Movies

A bloated take on a bloated BATMAN v SUPERMAN: DAWN OF JUSTICE ULTIMATE EDITION

Batman v Superman

I didn’t like Man of Steel. Zack Snyder’s “down to earth” and “gritty” reboot of Superman was bloated (the entire Krypton sequence was pointless) with a third act that was nothing but destruction porn. Man of Steel refused to concern itself with the consequences of destroying a city and killing thousands of people. And why would it, when ohh look we’re throwing Superman through buildings this is so cool!

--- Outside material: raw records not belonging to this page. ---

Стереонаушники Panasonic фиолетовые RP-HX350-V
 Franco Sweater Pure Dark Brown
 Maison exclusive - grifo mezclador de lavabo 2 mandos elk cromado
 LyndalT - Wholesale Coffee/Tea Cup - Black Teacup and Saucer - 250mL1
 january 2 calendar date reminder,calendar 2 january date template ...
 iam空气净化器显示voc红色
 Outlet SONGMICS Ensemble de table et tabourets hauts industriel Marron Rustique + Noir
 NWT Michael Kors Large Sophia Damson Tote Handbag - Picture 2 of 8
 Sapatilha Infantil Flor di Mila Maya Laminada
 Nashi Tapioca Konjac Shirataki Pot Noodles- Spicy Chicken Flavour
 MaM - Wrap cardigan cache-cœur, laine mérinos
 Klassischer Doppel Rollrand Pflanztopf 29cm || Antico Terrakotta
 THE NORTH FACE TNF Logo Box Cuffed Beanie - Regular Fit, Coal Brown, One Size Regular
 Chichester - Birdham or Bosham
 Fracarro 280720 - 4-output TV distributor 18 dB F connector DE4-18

When it was announced Snyder would be directing Warner Bros.’ big DC Comics cinematic universe launching pad, Batman v Superman: Dawn of Justice, I cringed. Did the studio learn nothing from Man of Steel? Yes, Snyder had a great visual eye, but he also made Sucker Punch. In short, by choosing Snyder as the de facto leader of the DC cinematic universe, Warner and DC were shooting themselves in the foot before they even started.

Batman v Superman

Pitting Batman and Superman against each other in a film should’ve been a massive event. And it was marketed as such. But the trailers weren’t inspiring, the film was mauled by critics upon release (I refused to see it), and the $872 million worldwide gross against a $250 million budget, not including marketing costs, left Warner with the realization that hindsight is 20/20, and maybe they shouldn’t have given Snyder the keys to the kingdom.

The only hope was this supposed R-rated cut Snyder teased during BvS’s theatrical release. Maybe it would cure all that ailed the theatrical version of the film. When word started trickling out that this “Ultimate Edition” was actually decent, I decided to take the plunge and see for myself.

Within the first few minutes, I thought I was in trouble. Did they really need to say this was the “Ultimate Edition” in the opening credits?

Batman v Superman

Things did get better from there, at least for a while. I can’t compare this version to the theatrical cut, but it’s mostly coherent. Much to my surprise, the first two acts of BvS: Ultimate Edition are honestly pretty good. It’s a solid conspiracy/political thriller with a puzzle at the middle that isn’t too complicated or too predictable. What else with BvS: Ultimate Edition worked?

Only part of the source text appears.